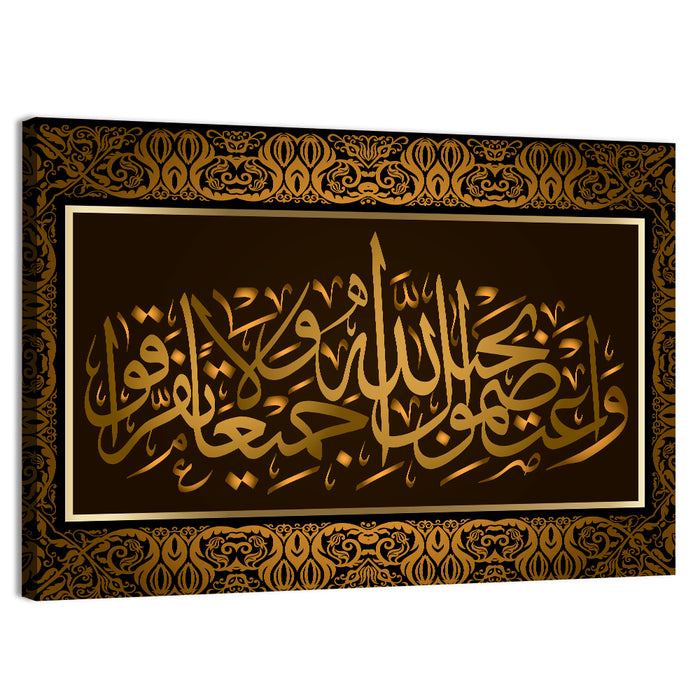 "hold fast to the rope of Allah all together and do not divide" Calligraphy Wall Art as a canvas print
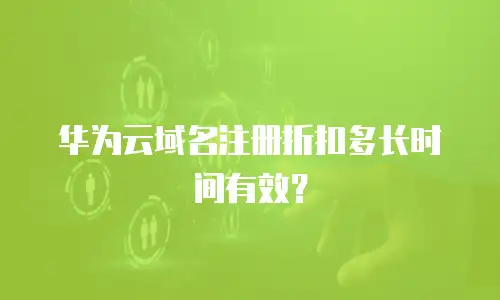 华为云域名注册折扣多长时间有效？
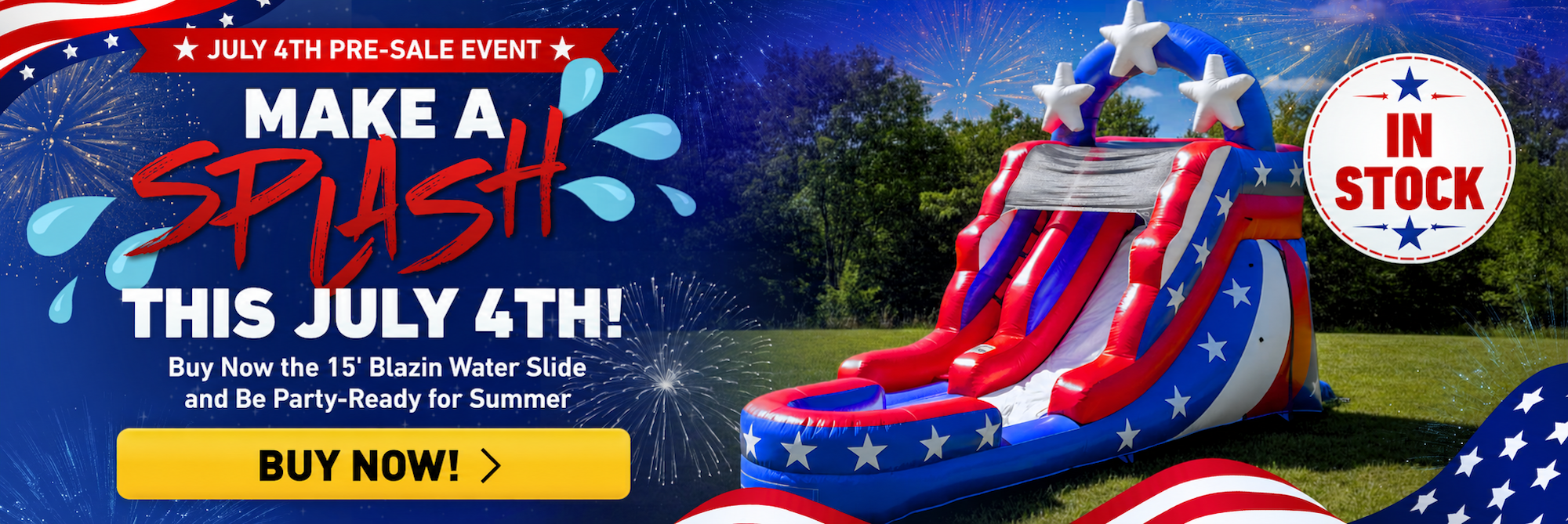 Promotional banner for a July 4th inflatable water slide with text and graphics.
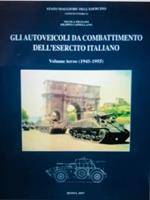 Gli Autoveicoli da combattimento dell'Esercito Italiano. Vol.III: 1945-1955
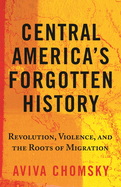 Central America's Forgotten History: Revolution, Violence, and the Roots of Migration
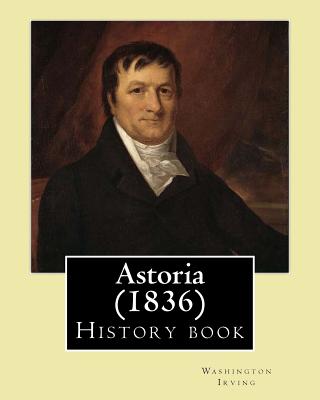 Astoria (1836) By: Washington Irving: History book - Washington Irving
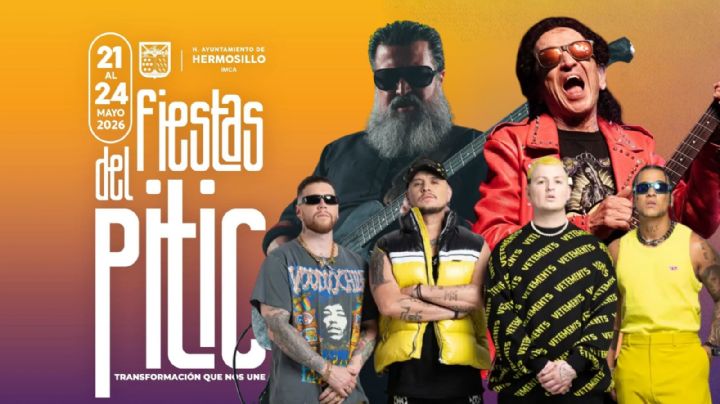 Fiestas del Pitic 2026: Programa de actividades y conciertos GRATIS para hoy 22 de mayo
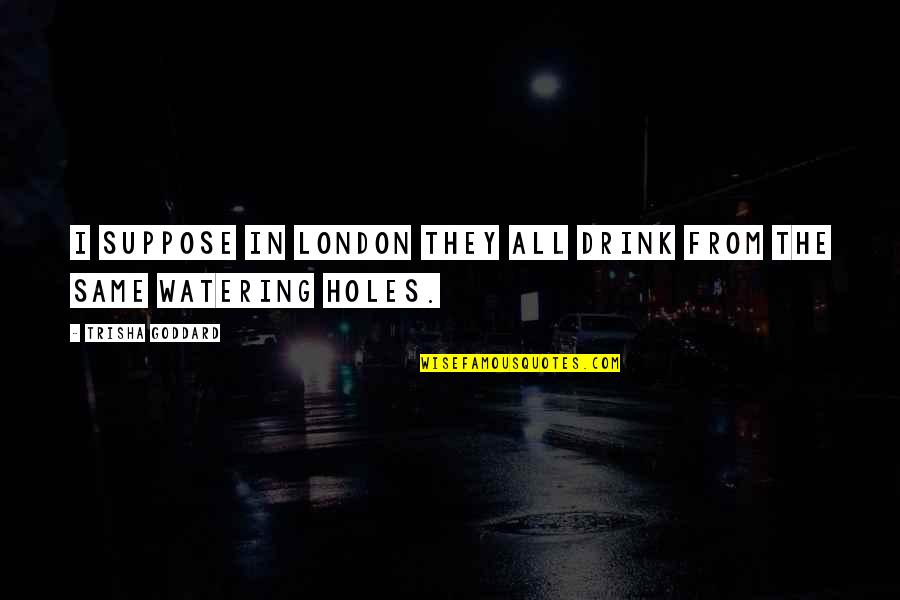 Cavilon Quotes By Trisha Goddard: I suppose in London they all drink from Cavilon Quotes By Trisha Goddard: I suppose in London they all drink from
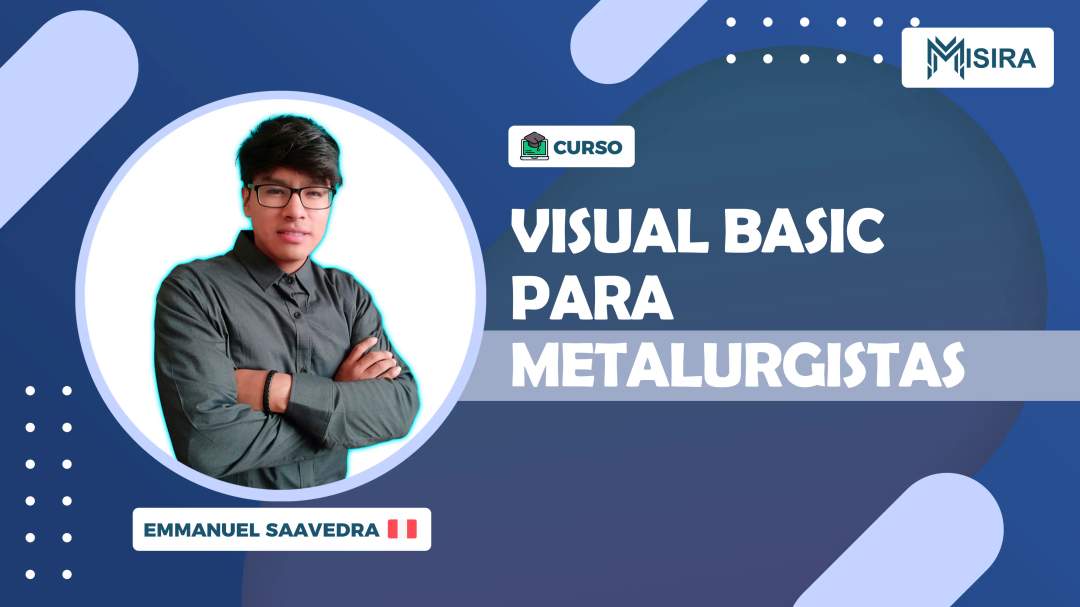 Curso misiratech: Visual Basic para metalurgistas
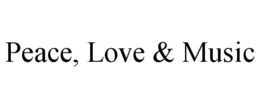 PEACE, LOVE & MUSIC trademark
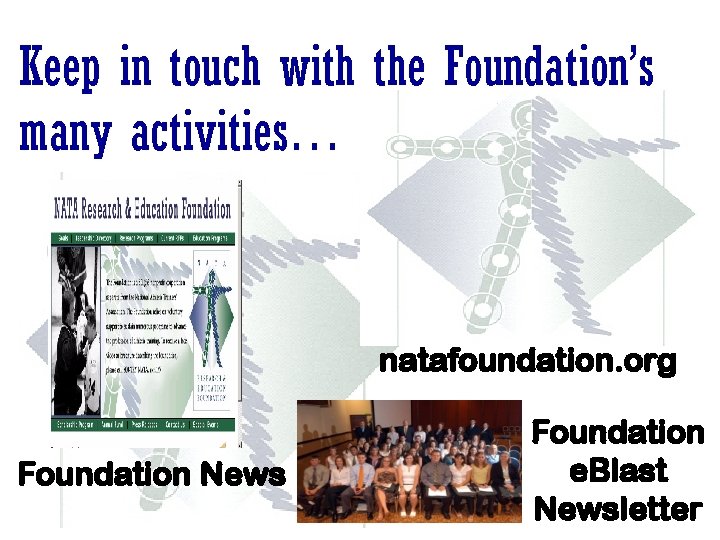 Keep in touch with the Foundation’s many activities… natafoundation. org Foundation News Foundation e. Keep in touch with the Foundation’s many activities… natafoundation. org Foundation News Foundation e.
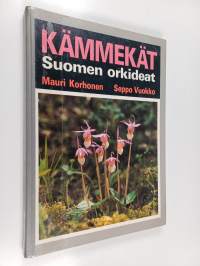 Kämmekät : Suomen orkideat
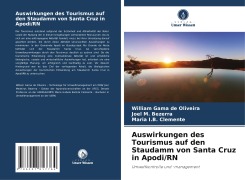 Cover-Bild zum Titel 'Auswirkungen des Tourismus auf den Staudamm von Santa Cruz in Apodi/RN' von 'William Gama de Oliveira, Joel M. Bezerra, Maria I. B. Clemente'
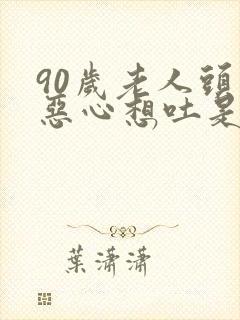 90岁老人头晕恶心想吐是怎么回事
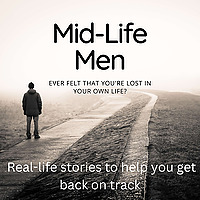 Mid-life Men: the mental health podcast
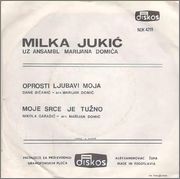 Milka Jukic - 1973-1 - Oprosti ljubavi moja Milka_Jukic_1973_Zadnja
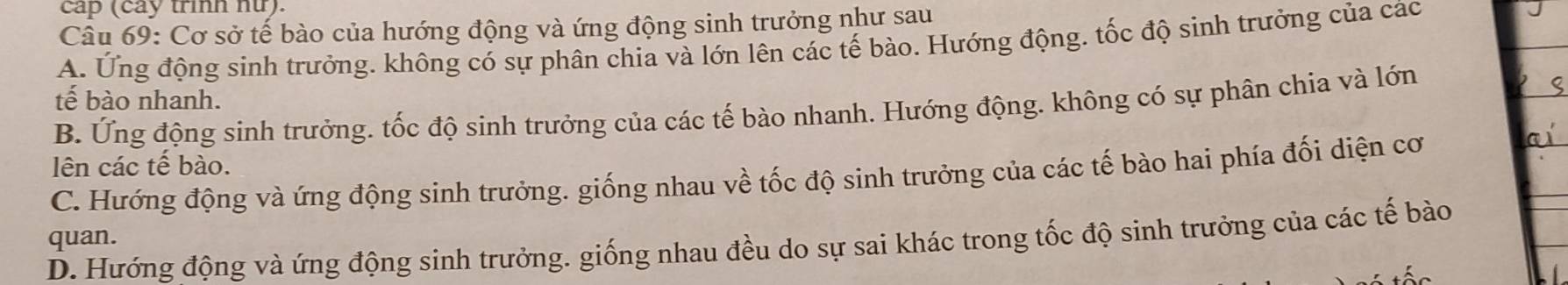 cap (cay trình nữ).
Câu 69: Cơ sở tế bào của hướng động và ứng động sinh trưởng như sau
A. Ứng động sinh trưởng. không có sự phân chia và lớn lên các tế bào. Hướng động. tốc độ sinh trưởng của các
tế bào nhanh.
B. Ứng động sinh trưởng. tốc độ sinh trưởng của các tế bào nhanh. Hướng động. không có sự phân chia và lớn
lên các tế bào.
C. Hướng động và ứng động sinh trưởng. giống nhau về tốc độ sinh trưởng của các tế bào hai phía đối diện cơ
quan.
D. Hướng động và ứng động sinh trưởng. giống nhau đều do sự sai khác trong tốc độ sinh trưởng của các tế bào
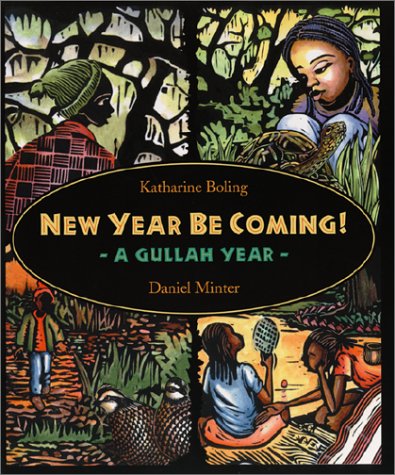 Stock image for New Year Be Coming: A Gullah Year for sale by BooksRun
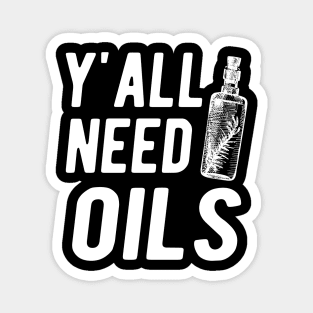 Essential Oil - Y'all Need Oils Magnet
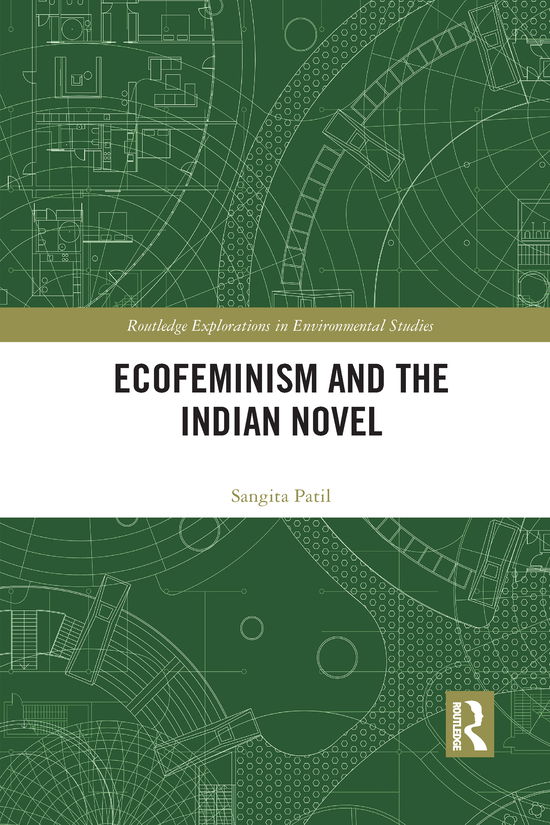 Cover for Sangita Patil · Ecofeminism and the Indian Novel - Routledge Explorations in Environmental Studies (Paperback Book) (2021)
# # # #
Your task is to copy word for word the lines from the line containing "C. Hướng động" to the end of the listing, both included, and to drop any pictures.

## Expected answer:
C. Hướng động và ứng động sinh trưởng. giống nhau về tốc độ sinh trưởng của các tế bào hai phía đối diện cơ
quan.
D. Hướng động và ứng động sinh trưởng. giống nhau đều do sự sai khác trong tốc độ sinh trưởng của các tế bào
 Stock image for New Year Be Coming: A Gullah Year for sale by BooksRun
 Essential Oil - Y'all Need Oils Magnet
 Cover for Sangita Patil · Ecofeminism and the Indian Novel - Routledge Explorations in Environmental Studies (Paperback Book) (2021)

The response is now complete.